The What And The Why
In 2009 a middle-aged man in a frumpy button up took a small stage in Seattle. Armed only with some paper on an easel and a mic wrapped in green tape he gave his talk. Just shy of 18 minutes. Today, Simon Sinek's TedTalk has 43 million views and counting. It's been translated into 48 languages. What was his big idea? Start with the WHY.
Many modern songs tell us what. They do this really well! We sing what God is, What He’s done, and what we do in response.
Hymns often tell us why. Why He is the way He is, why He’s done what He’s done, and why we should respond. If what brushes the skin, why penetrates the heart.
Let's looks at three popular worship songs.
Build My Life
Worthy of every song we could every sing
Worthy of all the praise we could ever bring
Worthy of every breath we could ever breathe
What is God? He is Worthy. Why is He worthy? There isn't much of an explanation.
Something like this adds flesh to the bones.
My sin, o the bliss of this glorious thought
My sin not in part but in whole
Was nailed to the cross and I bear it no more
Praise the Lord, Praise the Lord O my soul! (It Is Well)
Great Are You Lord
You give life
You are love
You bring light to the darkness
You give hope
You restore every heart that is broken
What is God? We get five different characteristics. Why can we describe Him this way? It doesn't really say. Let's zero in on hope.

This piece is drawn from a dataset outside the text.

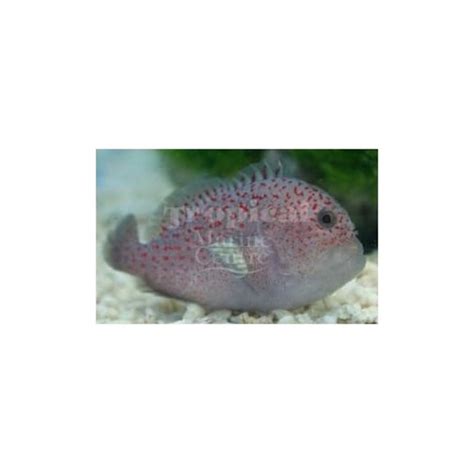 Spotted Coral Croucher Goby Rock N Critters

Why can we place our hope in God?
Great is Thy faithfulness, O God my Father
There is no shadow of turning with Thee
Thou changest not, Thy companions, they fail not
As Thou hast been, thou forever will be (Great Is Thy Faithfulness)
Good Good Father
You're a good, good Father
It's Who You are
What is God? He’s Good. Why is He good? We get a small glimpse later in the song with the line "You are perfect in all of your ways".
A verse like this turns that passing glimpse into a vivid picture.
Through many dangers, toils, and snares
I have already come
T'was grace that brought us safe thus far
And grace will lead us home (Amazing Grace)
I love all three of these modern songs and lead them regularly at my church. Simple songs have an important place. But coupling the simple what with the descriptive why is a recipe for awe, wonder, and whole-hearted response.
So you tell me. Do we really need to keep singing hymns?